YOUR INSTRUCTIONS
Within the material below, locate the line with "Jovani 1226 white" and the line with "Una pareja se", then return those two lines and all lines between them, exactly as written.

GIVEN DATA
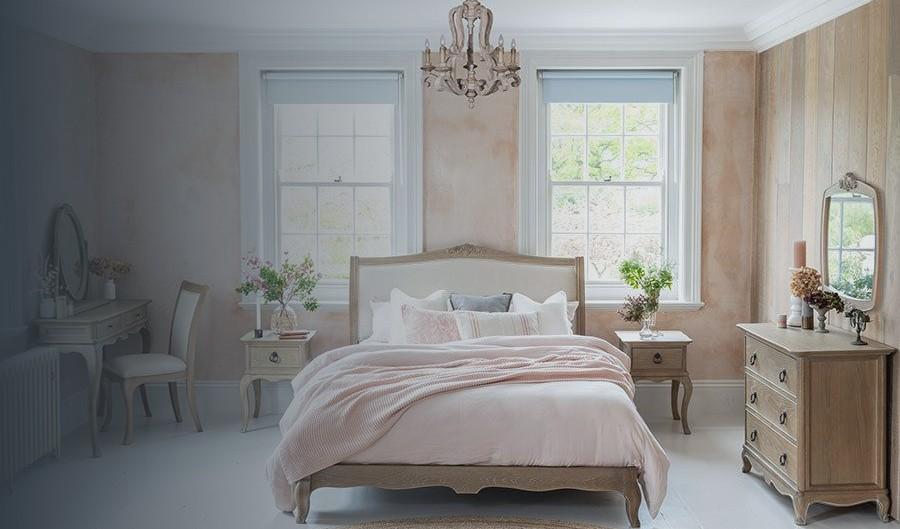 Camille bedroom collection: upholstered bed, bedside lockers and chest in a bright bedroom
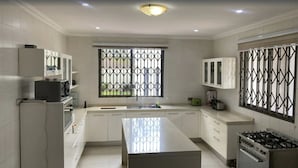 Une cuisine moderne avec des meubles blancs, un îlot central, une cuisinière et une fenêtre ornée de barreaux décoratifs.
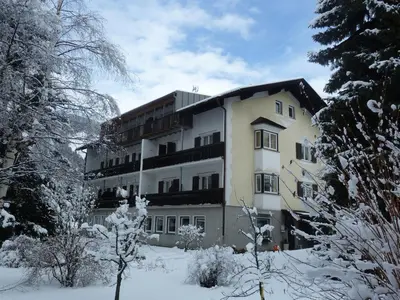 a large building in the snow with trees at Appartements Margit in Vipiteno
==
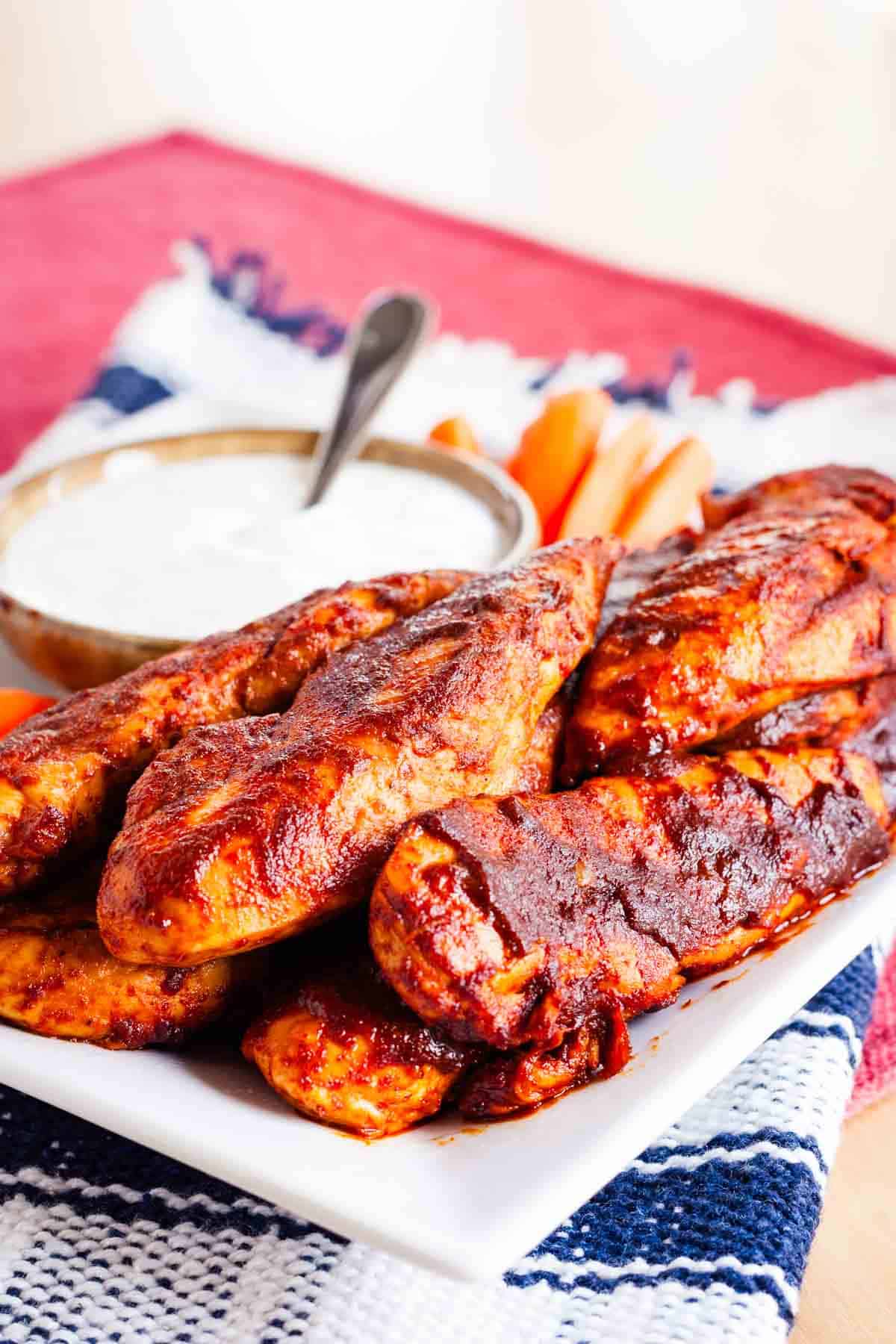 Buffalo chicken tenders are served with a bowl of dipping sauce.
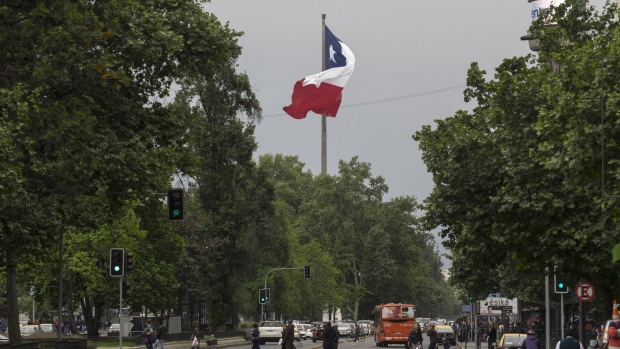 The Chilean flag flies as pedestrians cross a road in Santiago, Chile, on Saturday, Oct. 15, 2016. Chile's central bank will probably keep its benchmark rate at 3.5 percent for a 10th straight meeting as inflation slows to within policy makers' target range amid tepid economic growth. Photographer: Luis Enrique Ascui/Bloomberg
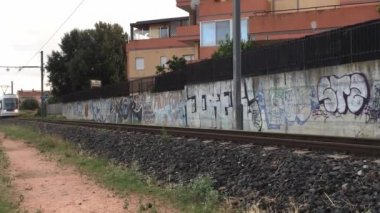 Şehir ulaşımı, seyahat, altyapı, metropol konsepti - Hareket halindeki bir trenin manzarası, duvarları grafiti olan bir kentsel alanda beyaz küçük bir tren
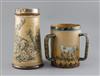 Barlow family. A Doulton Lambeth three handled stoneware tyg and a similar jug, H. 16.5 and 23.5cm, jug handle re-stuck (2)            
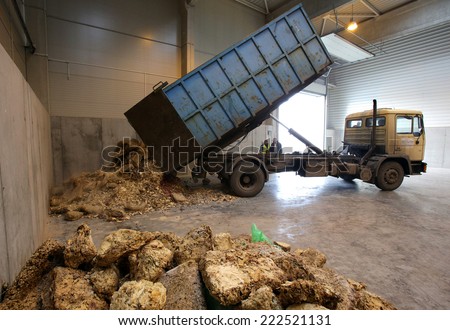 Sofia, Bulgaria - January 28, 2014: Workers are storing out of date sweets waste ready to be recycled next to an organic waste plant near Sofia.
---
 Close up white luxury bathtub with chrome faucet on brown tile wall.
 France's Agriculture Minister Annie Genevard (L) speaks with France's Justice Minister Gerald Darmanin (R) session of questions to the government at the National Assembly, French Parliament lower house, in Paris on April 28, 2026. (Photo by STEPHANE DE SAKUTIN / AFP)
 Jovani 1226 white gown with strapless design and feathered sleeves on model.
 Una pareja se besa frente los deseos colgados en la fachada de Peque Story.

SOLUTION TO THE PROBLEM
 Jovani 1226 white gown with strapless design and feathered sleeves on model.
 Una pareja se besa frente los deseos colgados en la fachada de Peque Story.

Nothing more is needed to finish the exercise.